Your assignment> The output should be all lines of the entries below in which the word "φωτογραφία" occurs.
======== Records for this exercise
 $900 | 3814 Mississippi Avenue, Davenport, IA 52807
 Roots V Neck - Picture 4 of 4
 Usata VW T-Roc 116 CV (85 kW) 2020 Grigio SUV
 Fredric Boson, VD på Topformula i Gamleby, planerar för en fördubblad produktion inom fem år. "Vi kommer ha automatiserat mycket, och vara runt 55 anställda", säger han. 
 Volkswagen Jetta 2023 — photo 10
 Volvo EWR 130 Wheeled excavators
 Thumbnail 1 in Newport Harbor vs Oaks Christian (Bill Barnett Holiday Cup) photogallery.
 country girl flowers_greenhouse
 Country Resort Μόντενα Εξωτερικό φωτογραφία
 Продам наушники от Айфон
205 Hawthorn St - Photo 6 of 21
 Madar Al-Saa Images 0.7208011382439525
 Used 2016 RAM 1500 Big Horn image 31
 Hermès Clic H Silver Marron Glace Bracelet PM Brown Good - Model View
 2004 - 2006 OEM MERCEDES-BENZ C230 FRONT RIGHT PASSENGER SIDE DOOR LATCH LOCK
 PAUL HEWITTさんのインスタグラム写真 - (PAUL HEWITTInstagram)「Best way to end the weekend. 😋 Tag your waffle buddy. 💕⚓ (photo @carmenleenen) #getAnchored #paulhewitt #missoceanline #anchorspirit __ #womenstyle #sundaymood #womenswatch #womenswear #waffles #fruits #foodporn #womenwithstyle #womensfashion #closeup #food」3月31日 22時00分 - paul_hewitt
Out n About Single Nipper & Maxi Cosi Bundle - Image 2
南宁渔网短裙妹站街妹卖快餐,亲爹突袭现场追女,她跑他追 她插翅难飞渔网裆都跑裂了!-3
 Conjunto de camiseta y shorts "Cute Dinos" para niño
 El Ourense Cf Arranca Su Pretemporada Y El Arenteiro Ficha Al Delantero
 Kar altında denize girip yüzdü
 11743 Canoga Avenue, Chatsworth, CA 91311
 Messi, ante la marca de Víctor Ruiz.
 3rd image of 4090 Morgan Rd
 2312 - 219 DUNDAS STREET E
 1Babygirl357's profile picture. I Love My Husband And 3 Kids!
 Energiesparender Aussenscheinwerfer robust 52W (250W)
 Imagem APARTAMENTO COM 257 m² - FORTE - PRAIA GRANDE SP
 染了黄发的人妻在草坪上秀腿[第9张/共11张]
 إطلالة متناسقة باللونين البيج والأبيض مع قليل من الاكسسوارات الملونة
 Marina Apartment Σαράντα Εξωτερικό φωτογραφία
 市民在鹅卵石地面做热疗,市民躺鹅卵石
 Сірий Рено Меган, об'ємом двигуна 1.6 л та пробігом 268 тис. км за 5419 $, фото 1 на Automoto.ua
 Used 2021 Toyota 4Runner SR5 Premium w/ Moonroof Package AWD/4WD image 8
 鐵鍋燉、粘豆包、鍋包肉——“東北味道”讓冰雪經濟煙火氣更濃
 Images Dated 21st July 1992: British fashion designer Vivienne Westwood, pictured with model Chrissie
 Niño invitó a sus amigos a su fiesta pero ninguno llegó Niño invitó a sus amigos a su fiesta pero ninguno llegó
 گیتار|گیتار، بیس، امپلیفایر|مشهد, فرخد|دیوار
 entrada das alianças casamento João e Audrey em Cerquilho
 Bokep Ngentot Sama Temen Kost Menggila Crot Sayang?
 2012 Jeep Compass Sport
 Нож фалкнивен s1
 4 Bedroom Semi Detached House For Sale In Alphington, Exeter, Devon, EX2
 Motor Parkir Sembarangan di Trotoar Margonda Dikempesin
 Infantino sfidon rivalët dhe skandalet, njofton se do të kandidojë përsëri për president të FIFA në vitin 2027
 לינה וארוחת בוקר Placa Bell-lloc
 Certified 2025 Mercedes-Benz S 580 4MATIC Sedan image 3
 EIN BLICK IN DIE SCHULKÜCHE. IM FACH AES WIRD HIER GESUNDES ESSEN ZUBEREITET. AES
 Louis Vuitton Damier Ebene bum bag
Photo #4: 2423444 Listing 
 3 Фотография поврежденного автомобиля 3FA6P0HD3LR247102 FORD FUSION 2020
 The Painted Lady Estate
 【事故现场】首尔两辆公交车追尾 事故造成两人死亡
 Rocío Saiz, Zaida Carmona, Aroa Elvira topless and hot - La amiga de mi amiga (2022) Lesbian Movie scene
================
Solution to this problem>
 Country Resort Μόντενα Εξωτερικό φωτογραφία
 Marina Apartment Σαράντα Εξωτερικό φωτογραφία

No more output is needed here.